When Ric is badly beaten at his next fight, Rachel decides not to inform the police. Viv tells Ric the baby may have disabilities and is unsure going ahead with the pregnancy. Noel blackmails Ric to take part in another fight or risk the health of his child. Ric contacts the police who convince him to go ahead with the fight to get the details. Noel discovers that Viv is trying to leave him and postpones the fight; the police arrive to arrest Noel who is in possession of a gun. Viv later loses the baby and Matilda arranges a memorial. Ric gets a job as a security guard where Kane later raids with a gun. Ric starts to suffer from panic attacks afterward and Rachel diagnoses him with severe stress. Matilda is offered a place in university in Perth and asks Ric to move with her. Ric decides not to but they discuss ways of making their relationship work. They split up when they realise it is not practical. Alf realises that Ric is miserable without Matilda and buys him a one-way ticket to Perth. Ric and Matilda reunite and agree to spend their lives together.

==Reception==

"Ric Dalby is Home And Away's resident hothead, the character most likely to wind up in a fight, be caught kissing the wrong girl or just generally land himself in trouble [...] he's had differences of opinion or just plain fist fights with a score of Summer Bay locals and drifters, he's managed to annoy most of the regular characters and after one particularly violent encounter even wound up in jail facing a murder charge."
— —Scott Ellis of The Sydney Morning Herald on Ric. (2008)

For his portrayal of Ric, Furze was nominated for in the "Most Popular Actor" category at the 2007 Logie Awards. He was nominated in the same category the following year's ceremony. Furze said the recognition was an honour and opined that it reaffirmed that he was doing a good job on the serial. At the 2007 Inside Soap Awards Furze was nominated for "Best Actor". He subsequently received a nomination for "Sexiest Male" at the 2008 Digital Spy Soap Awards

Jim Schembri of The Age said that the serial's male characters often behave in an "honourable manner". He said that Ric acted with "nobility" when he told Matilda they did not have to rush into sex. Schembri opined that any other male would have said this after sex and "given her a fake mobile number". While Greg Hassal from The Sydney Morning Herald said the episode was "well written and performed" and said the plot was a "perennial issue" for the serial to portray. They added with storylines such as those gave an indication to why Home and Away gained viewers.

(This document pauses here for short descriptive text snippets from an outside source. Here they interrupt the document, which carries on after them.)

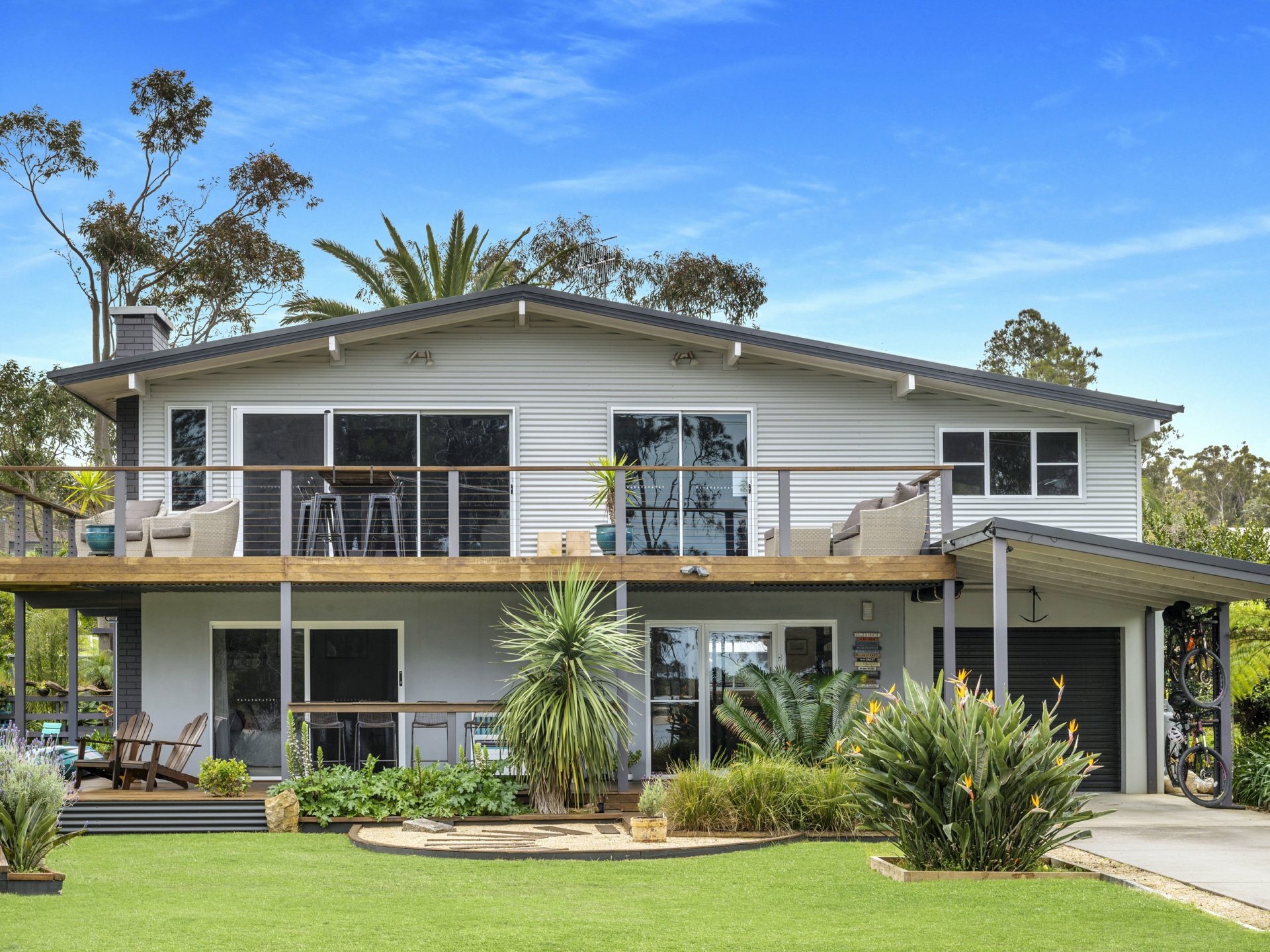 25 Lakeland Avenue — photo from LJ Hooker Sussex Inlet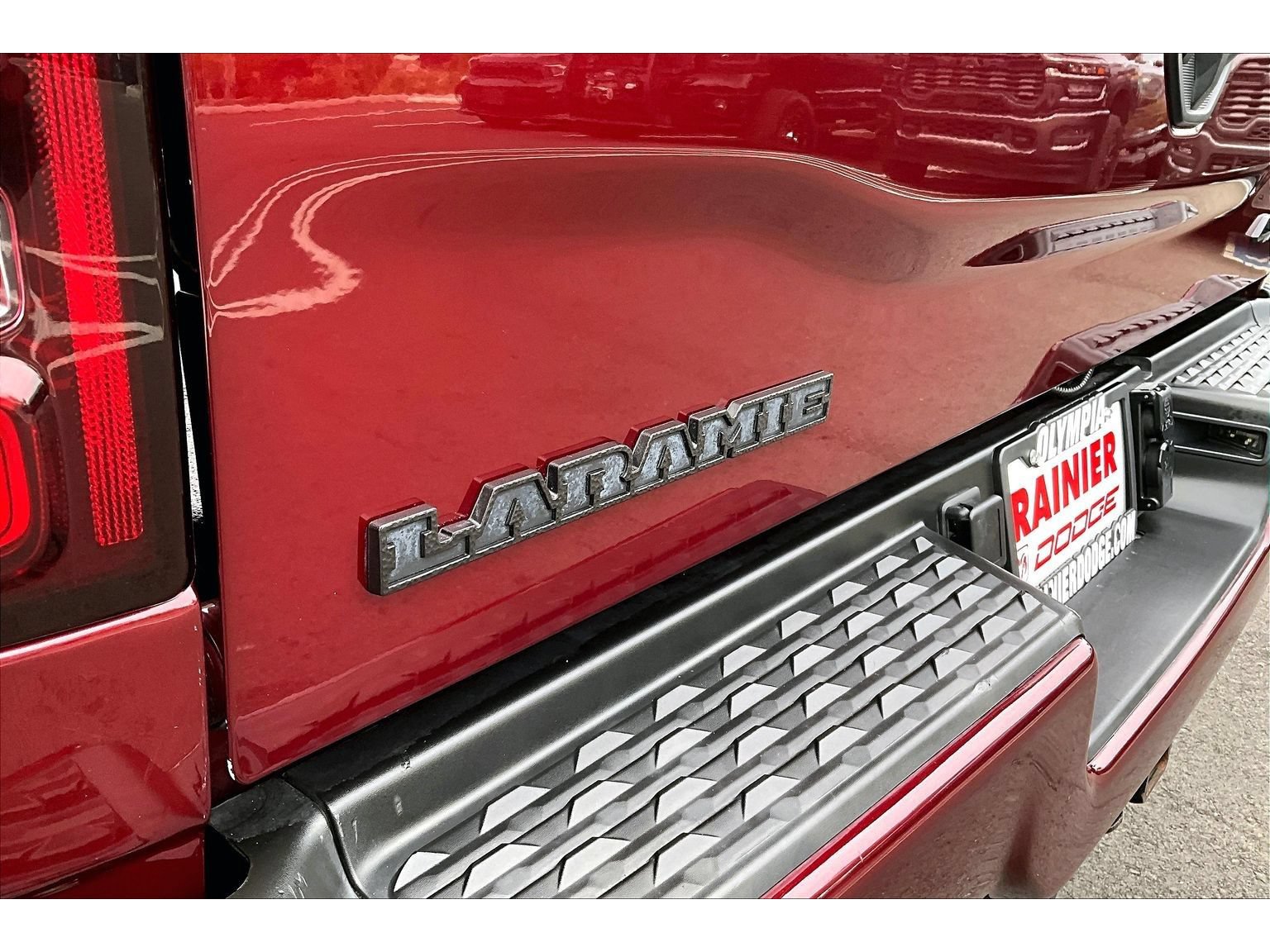 Used 2022 RAM 2500 Laramie AWD/4WD image 8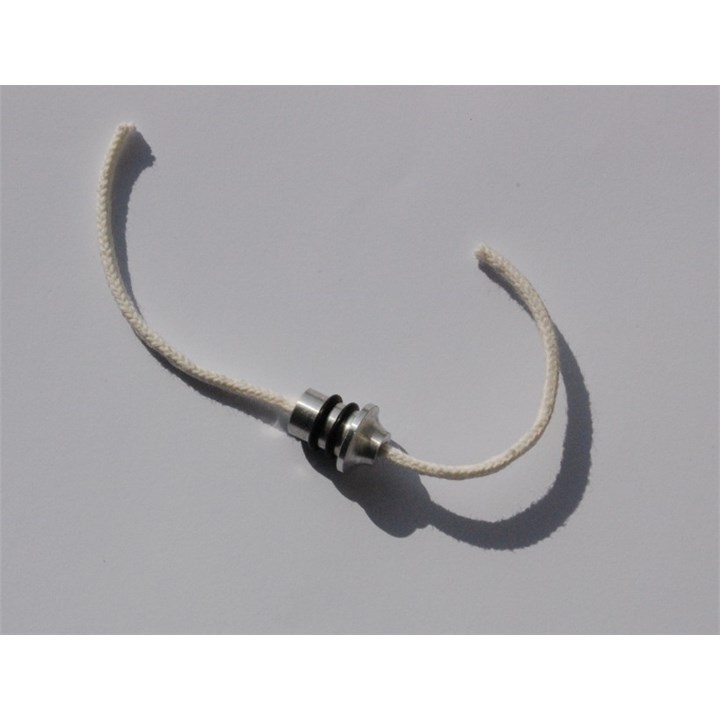 Spill Resistant Wick Medium for Oil Lamp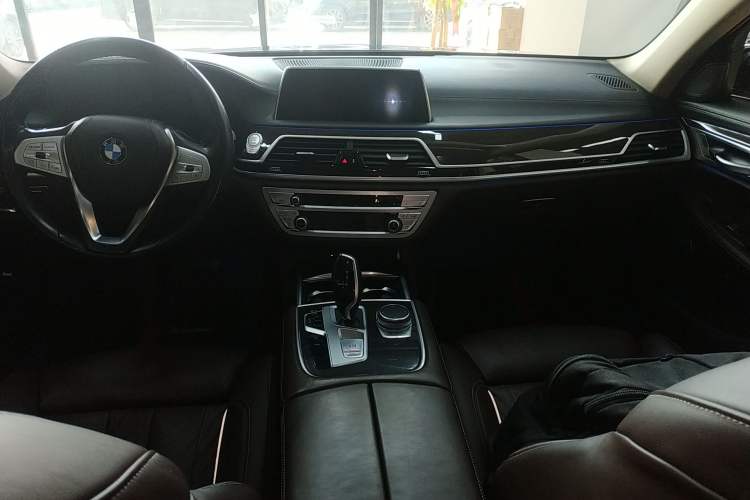 Used BMW 7 Series 2019 Updated 730Li Luxury Package Audio And AC Panel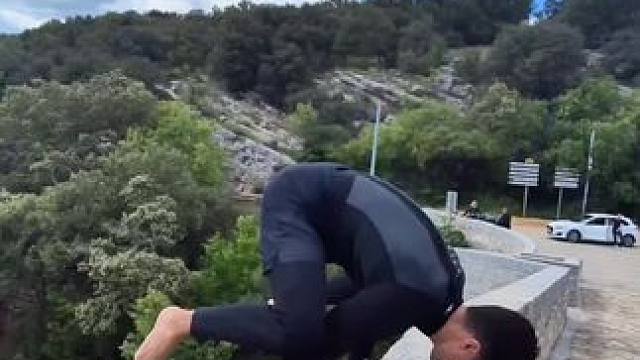 青春不疯狂，老了拿什么回忆 #高难度动作 #户外跳水 #极限运动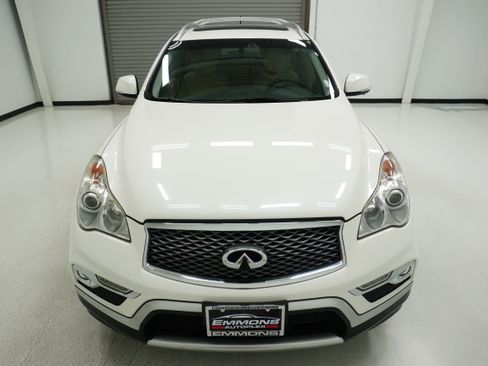 Used 2017 INFINITI QX50 2WD w/ Technology Package image 2
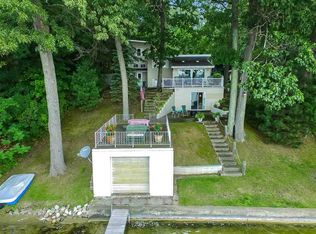 53 Highland Dr, Jackson, MI 49201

Analysing Ric's jealous trait, Roz Laws from the Sunday Mercury said "it's all of five minutes before his jealousy gets the better of him, yet again" upon arriving in Perth to reunite with Matilda. She also said that Home and Away fans should just tune in to see Ric's "toned torso" and said it was a "bad move" to take on one of Johnny's gang members in a fight. Ric's appearance was popular with entertainment website Digital Spy in their gay feature. They branded him "fit Ric" and said that Ric "goes a bit Fight Club" during his bare knuckle fight storyline. TV Week ran a poll asking viewers who their favourite Home and Away couple was. Ric and Matilda received eight percent of the vote, placing them in joint third place along with Tony Holden (Jon Sivewright) and Rachel Armstrong.